**WORK REQUEST**
Leaving out the pictures, copy each record below exactly.

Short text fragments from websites
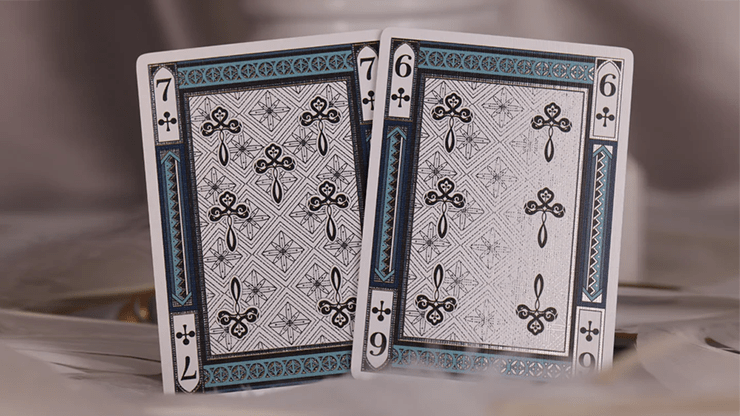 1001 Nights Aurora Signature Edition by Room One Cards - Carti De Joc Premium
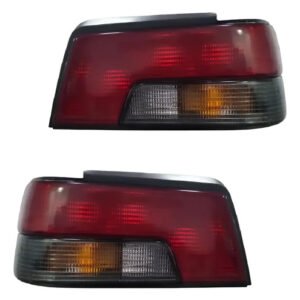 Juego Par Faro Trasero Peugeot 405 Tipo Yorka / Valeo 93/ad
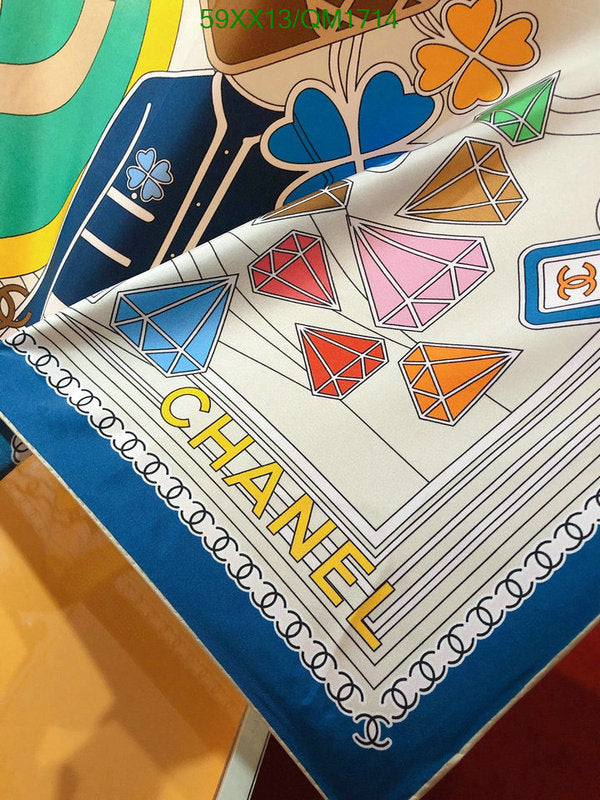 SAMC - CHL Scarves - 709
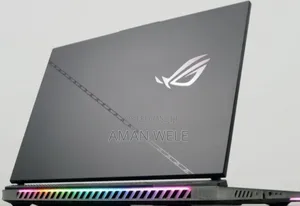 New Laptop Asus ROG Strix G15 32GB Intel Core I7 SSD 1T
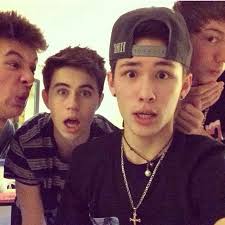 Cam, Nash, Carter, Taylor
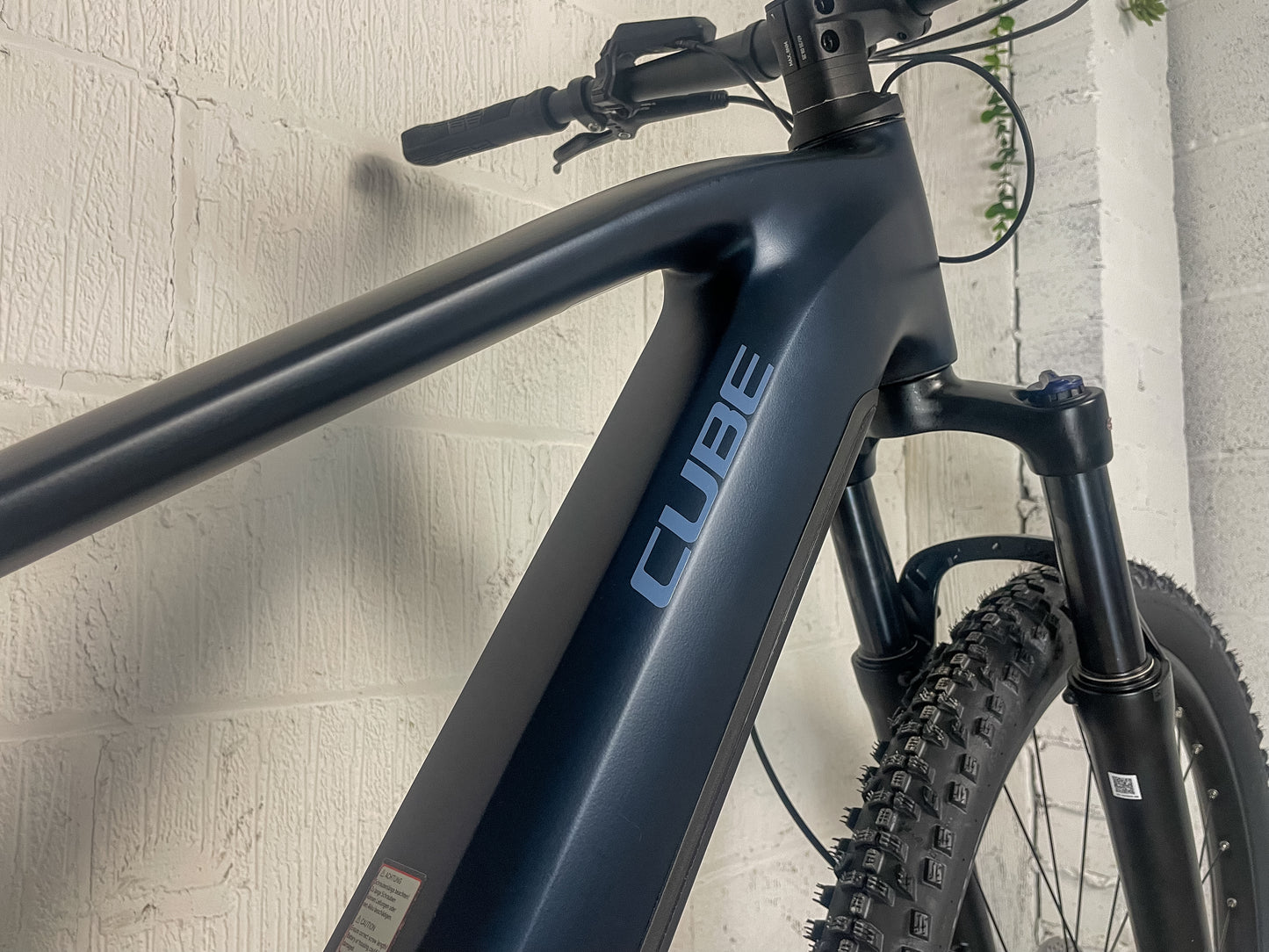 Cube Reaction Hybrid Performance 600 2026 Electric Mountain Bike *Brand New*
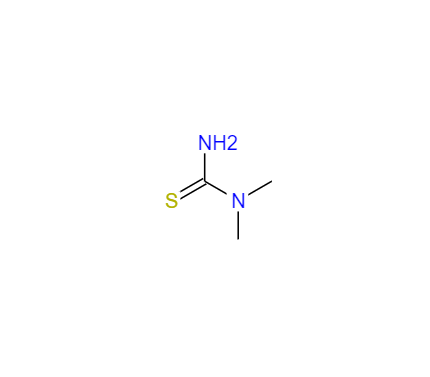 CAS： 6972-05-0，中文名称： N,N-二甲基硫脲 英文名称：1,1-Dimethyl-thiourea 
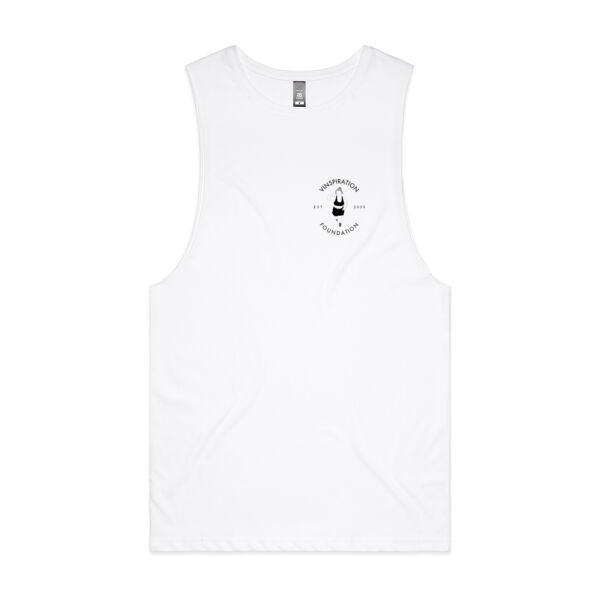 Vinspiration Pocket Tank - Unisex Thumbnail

**EXERCISE RESULT**
 1001 Nights Aurora Signature Edition by Room One Cards - Carti De Joc Premium
 Juego Par Faro Trasero Peugeot 405 Tipo Yorka / Valeo 93/ad
 SAMC - CHL Scarves - 709
 New Laptop Asus ROG Strix G15 32GB Intel Core I7 SSD 1T
 Cam, Nash, Carter, Taylor
 Cube Reaction Hybrid Performance 600 2026 Electric Mountain Bike *Brand New*
 CAS： 6972-05-0，中文名称： N,N-二甲基硫脲 英文名称：1,1-Dimethyl-thiourea 
 Vinspiration Pocket Tank - Unisex Thumbnail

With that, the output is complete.